The Monopoly film seems a naked play for nostalgia, the easiest and laziest of wins, but it is also The Way Things Are Done Now. Hollywood’s risk-averse allergy to new scripts makes it easier to simply iterate a winning formula and a recognisable brand name over and over, until we all die of boredom. This has been a growing problem for the last 20 years (of the highest-grossing 50 films of all time, more than 40 are sequels, prequels, reboots or remakes, or form part of a bankable cinematic universe like Marvel or James Bond). Pop culture is increasingly reduced to a series of lukewarm ads, theatreland is all jukebox musicals, and even our emaciated high streets and public spaces are being filled up with “immersive brand activations”. In central London you can visit the escape room Monopoly Lifesized, or attend the Shrek’s Adventure! experience, or cringe your way through Faulty [sic] Towers: The Dining Experience.

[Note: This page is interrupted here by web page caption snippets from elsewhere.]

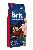 BRIT Premium by Nature Adult L 15kg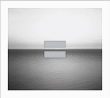 U2&nbsp;-&nbsp;No line on the horizon - Edition limitée format magazine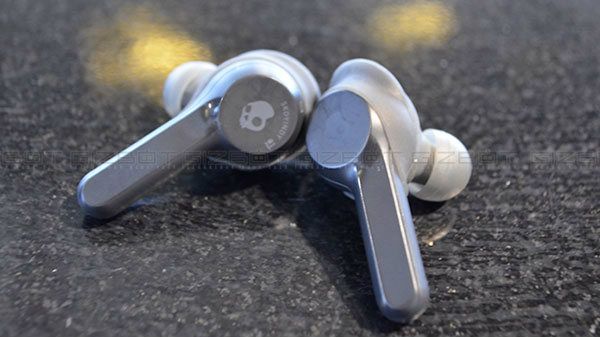 Skullcandy Indy review: A cheaper alternative to Apple AirPods Skullcandy Indy review: A cheaper alternative to Apple AirPods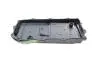 ADBP210047 Маслоприймач (піддон) BMW 3 (F30/F80)/ 5 (F10/F11) 09-18 BLUE PRINT підбір по vin на Brocar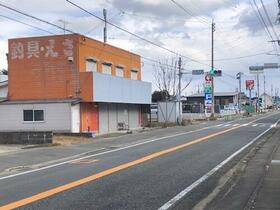 福岡県福岡市東区大岳３丁目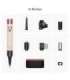 Dyson Airwrap i.d. Multistyler Warm Pink, Rose gold 1300 W 2.675 m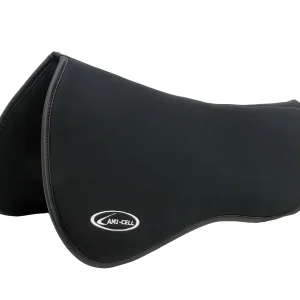 Lami-Cell Memory Half Pad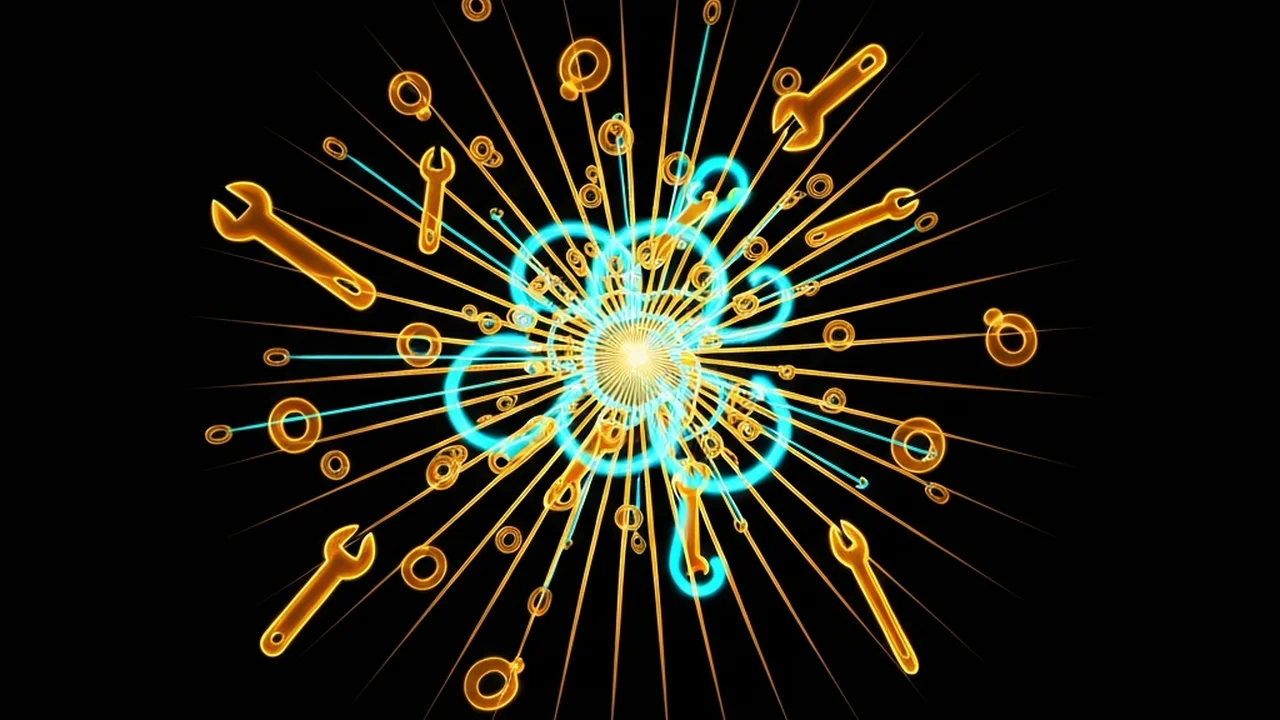 La innovación abunda en la carga de dispositivos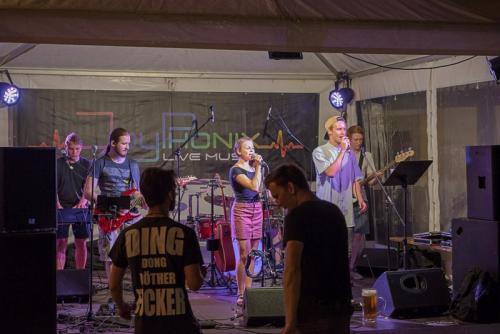 Marktfest HP-2018-050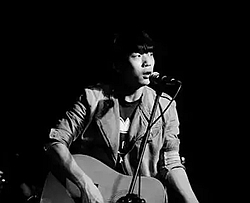 再也不会去丽江曲谱 D调 吉他谱
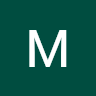 mysorecab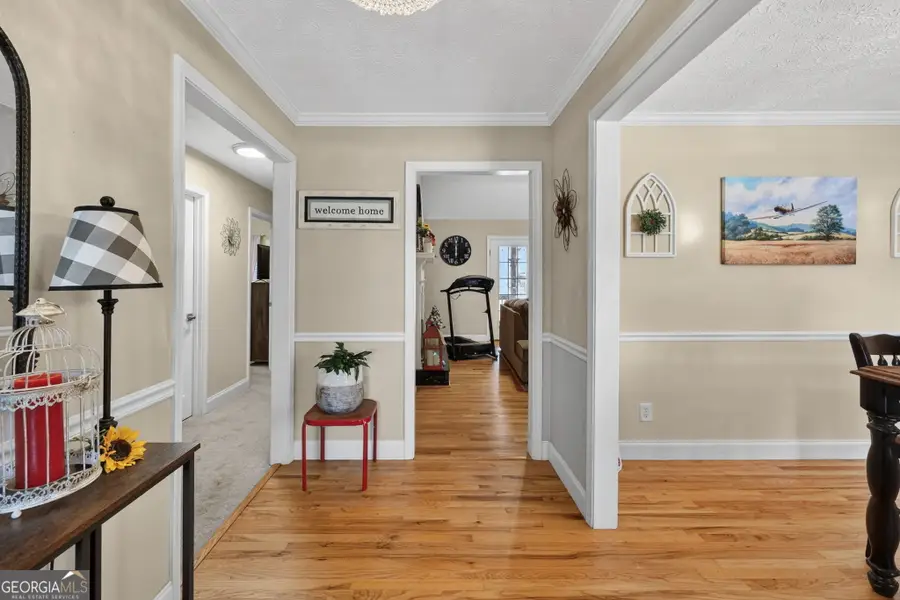 509 Aarons Circle, Gray, GA 31032 - Image #3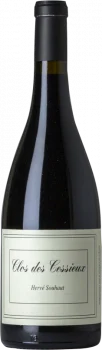 Domaine Romaneaux Clos des Cessieux 2023 - Bodega Domaine Romaneaux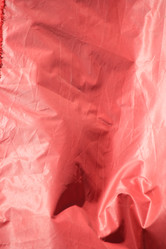 Similar image 631442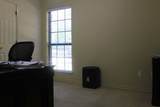 197 Bay Drive - Photo 28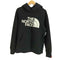ザノースフェイス THE NORTH FACE WR SWEAT HOODIE スウェットパーカー メンズ import:L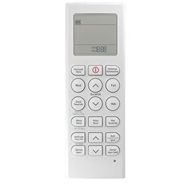 Tayfun LG S3-M12JA2FA İnverter Klima Kumandası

This is an evolution in consumer capitalism whereby marketing departments make all the decisions, and product design is an irrelevant afterthought. It mirrors the infantilising idiocy of “brand collabs”, where two unlikely brands from different fields produce a one-off product. You might have noticed, on a recent trip to the shops, Lynx x Marmite deodorant, Mr Men x Carex Tutti Frutti hand wash, or Hidden Valley Ranch Dressing x Crocs (yes, that is salad dressing-branded footwear). It speaks to a malaise that goes beyond novelty deodorants and the films we watch. The author and academic William Davies summarised this absurd state of play in 2022: “Britain’s capitalist class has effectively given up on the future,” he wrote: abandoning investment in R&D, new ideas, skills, technologies and products, or innovation of any kind – instead wringing every last drop from the assets they already own.

Rather than an economy dedicated to forging new ideas, we have one better characterised as “rentier capitalism”, whereby income is generated not by productive activity, but through the ownership and renting out or licensing of a scarce asset of some kind – which could be housing, but could also apply to a beloved family board game. This risk-averse attitude has become increasingly dominant when it comes to intellectual property (IP) – whether that property is a child’s toy, the back catalogue of a dead pop star, or the proprietary recipe for a spreadable yeast extract. IP rentierism is the only show in town.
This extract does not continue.